His smile widened. "Gideon Wicke. I'd say it's nice to meet you, but I'm guessing you've had enough false pleasantries for one day."
I stood slowly, slinging my bag over my shoulder. "If you're here to gawk at the rejected mate, you're late. Everyone else already got their fill this morning."
"Actually, I'm here because I think you're interesting."
"Interesting." I repeated the word like it tasted bad. "Right."
He pushed off the pillar and walked closer. Not threatening, exactly, but deliberate. Like he knew exactly how much space to take up to make me notice.
"You stood up to Darius," he said. "Twice, from what I heard. Once in the courtyard when you first arrived, and again last night when he dragged you outside."
"Word travels fast."
"Always does when it involves the Alpha heir." Gideon stopped a few feet away, still smiling that sharp, dangerous smile. "Most people would have rolled over and shown their throat. But you didn't."
"Is there a point to this conversation?"
"Just making an observation." He tilted his head, studying me like I was a puzzle he wanted to solve. "You're not what I expected."
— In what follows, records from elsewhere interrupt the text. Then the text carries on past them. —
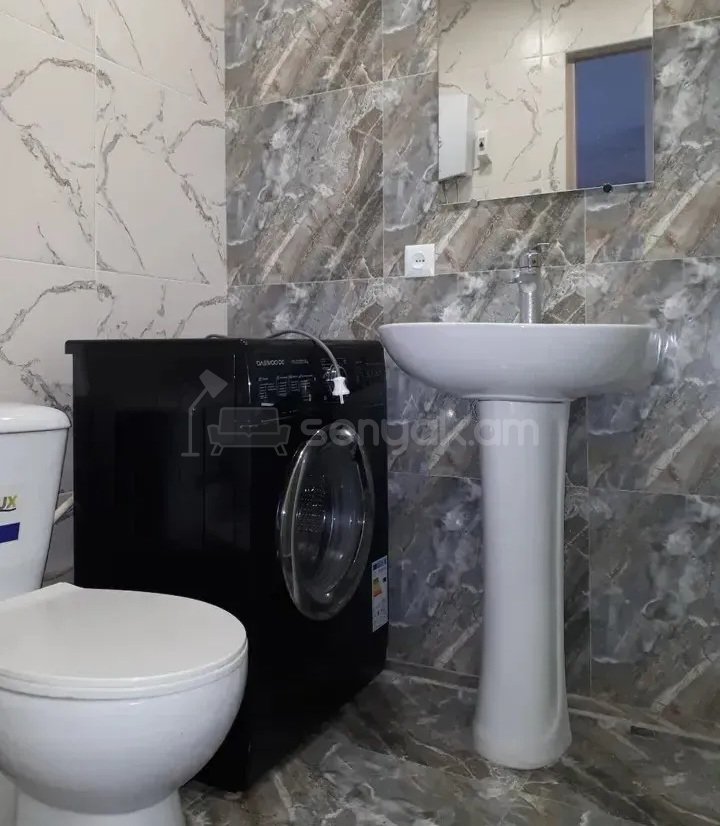 1 Սենյականոց Բնակարան, 33քմ, 4/5 հարկ, Դիզայներական Վերանորոգված, Կահավորված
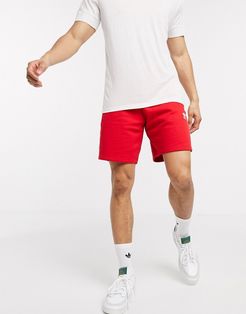 essentials shorts in red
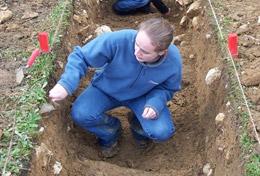 Archeologie Jongerenreizen:Help bij opgravingen tijdens de archeologie groepsreis voor jongeren naar Roemenië. Help bij opgravingen tijdens de archeologie groepsreis voor jongeren naar Roemenië.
"And what did you expect?"
"Someone broken. Someone weak." His eyes glinted. "But you're not, are you? You're angry."
My wolf bristled. He was too perceptive. Too aware.
"I don't have time for this," I said, moving to walk past him.
He stepped into my path.
Not blocking me, exactly. Just... there. Close enough that I could smell the faint scent of pine and something darker. Close enough that my wolf sat up and paid attention.
"What if I told you," Gideon said softly, "that Darius isn't the only wolf at this Academy worth knowing?"
"I'd say I'm not interested in knowing any wolves right now."
"Not even one who could make him regret what he did to you?"
That made me pause.
Gideon's smile turned smug, like he knew he'd caught my interest. "Darius Fenrir thinks he's untouchable. The future Alpha. The golden boy. Everyone bows to him, scared of what he might do if they don't."
"And you're different?"
"I'm not scared of him." Gideon leaned in slightly, his voice dropping to something almost conspiratorial. "And I don't think you are either."
He was right. I wasn't scared of Darius. I was hurt. Angry. Humiliated.
But not scared.
Gideon straightened, his expression shifting to something almost friendly. "Look, I know you've had a rough couple of days. I'm not trying to add to that. I just think you could use an ally. Someone who isn't going to pity you or treat you like you're made of glass."
"And you're volunteering?"
"I'm offering."
I should have walked away. Should have told him to leave me alone and gone back to my dorm. But there was something about the way he looked at me. Like I was a person, not a mistake. Like I mattered.
It had been a long time since anyone looked at me that way.
Gideon extended his hand toward me, palm up. An invitation, not a demand.
"Walk with me, Elara," he said, his smirk softening into something almost genuine.
My wolf growled a warning.
But I looked at his hand, then at his face, and wondered if maybe, just maybe, he was exactly what I needed right now.
An ally.
Or a distraction.
Or something far more dangerous than I realized.